10 tips for publishing Open Data
In this post I give my top 10 tips for publishing Open Data datasets to make them understandable and reuseable for others researchers.
How should I publish my data? What file formats should I use? What information should I include in the readme file? How do I share complex information that won't fit into my tables?
These are all questions faced by anyone thinking of publishing an Open Data dataset. There is no single right answer or solution to this, as all datasets differ in their size, measurements, variables and purpose. However there are perhaps some overriding principles in creating and publishing Open Data, including:
- We want other people to be able to easily understand and reuse the data in their own research.
- We need to include sufficient information in the dataset to enable others to reuse the data with confidence, including information such as how the data was collected and what the measurements represent.
- We should make the data itself available in easy-to-access file formats and structures, so that others can easily incorporate it into their own analyses. In particular, we should make it easy for analysis using programming scripts to be able to access the data.
With these high-level principles in mind, here are my top 10 tips on publishing Open Data:
1. Don't use Excel
Excel is great tool for prototyping simple models and doing calculations on small amounts off data. It is my go-to tool when I have a new analysis thought which I quickly want to try out or for small data analysis tasks.

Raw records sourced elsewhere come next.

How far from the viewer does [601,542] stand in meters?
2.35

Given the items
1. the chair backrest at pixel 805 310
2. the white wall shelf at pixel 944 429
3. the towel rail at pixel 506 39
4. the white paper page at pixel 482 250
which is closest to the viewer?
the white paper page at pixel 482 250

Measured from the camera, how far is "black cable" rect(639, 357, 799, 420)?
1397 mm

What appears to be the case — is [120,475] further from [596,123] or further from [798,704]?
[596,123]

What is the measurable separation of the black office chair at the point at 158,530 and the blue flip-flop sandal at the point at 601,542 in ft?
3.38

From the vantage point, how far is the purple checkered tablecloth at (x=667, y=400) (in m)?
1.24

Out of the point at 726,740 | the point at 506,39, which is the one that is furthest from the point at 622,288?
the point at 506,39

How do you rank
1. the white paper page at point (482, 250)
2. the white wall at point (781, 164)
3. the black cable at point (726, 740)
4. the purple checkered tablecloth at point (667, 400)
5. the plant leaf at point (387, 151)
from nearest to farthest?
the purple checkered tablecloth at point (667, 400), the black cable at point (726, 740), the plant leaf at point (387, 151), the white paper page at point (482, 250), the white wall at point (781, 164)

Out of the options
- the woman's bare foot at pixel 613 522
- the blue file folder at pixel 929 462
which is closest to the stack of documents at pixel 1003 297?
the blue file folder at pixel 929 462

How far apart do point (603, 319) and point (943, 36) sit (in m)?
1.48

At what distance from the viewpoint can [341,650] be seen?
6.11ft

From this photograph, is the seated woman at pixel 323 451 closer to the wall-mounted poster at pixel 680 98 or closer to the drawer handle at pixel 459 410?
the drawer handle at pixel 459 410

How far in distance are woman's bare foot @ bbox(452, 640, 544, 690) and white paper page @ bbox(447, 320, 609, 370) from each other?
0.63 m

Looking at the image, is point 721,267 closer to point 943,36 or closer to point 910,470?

However as a method of sharing data with others it is not really suitable. Firstly it is a commercial tool and uses a proprietary file format; this limits access to the data as not everyone will have access to the Excel software. Secondly the data stored in an Excel file is difficult to access; if the analysis is being done with a programming script then this will take additional effort and time.
Instead, I would recommend using a CSV file to store the data. The CSV file format is text-based, so any computer will be able to open it, and it is easy to use programming scripts to work with csv files.
2. Don't use Word
Word is also not suitable for sharing data. Like Excel it uses proprietary file formats that not everyon will have access to. And more importantly any data stored in Word will be very difficult to extract using programmming scripts.
For example, I have seen cases where tables of data were shared as tables inside a Word document. Whilst this may be easy for me to read, it makes the analysis much harder as I need to perform several steps to extract the data from the Word document into a format I can use in my analysis programming.
Instead a text-based file format would be much better, such as CSV files for tabular data.
3. Avoid putting data in the documentation or the readme file
Let's say we have a questionnaire, and one question in that questionnaire asked 1,000 people a question with ten different response options. Each person had to choose one of the ten response options as their answer.
The responses of the 1,000 people are shared, perhaps in a CSV file. This is then easy to access and work with. However the ten response options to the question are published as part of a large Word document describing the questionnaire or in a readme file accompanying the dataset. If I wish to create a bar graph showing all response options and the frequency of responses, this is then difficult as I have to extract the ten response options from the Word document or readme file. For a single question this might not take long, but it quickly becomes tedious for multiple cases.
Instead it is much better to place the original question and the ten response options in a second data file. We then have two data files: one about the questionnaire and response options; and one about the responses of people who answered the questionnaire.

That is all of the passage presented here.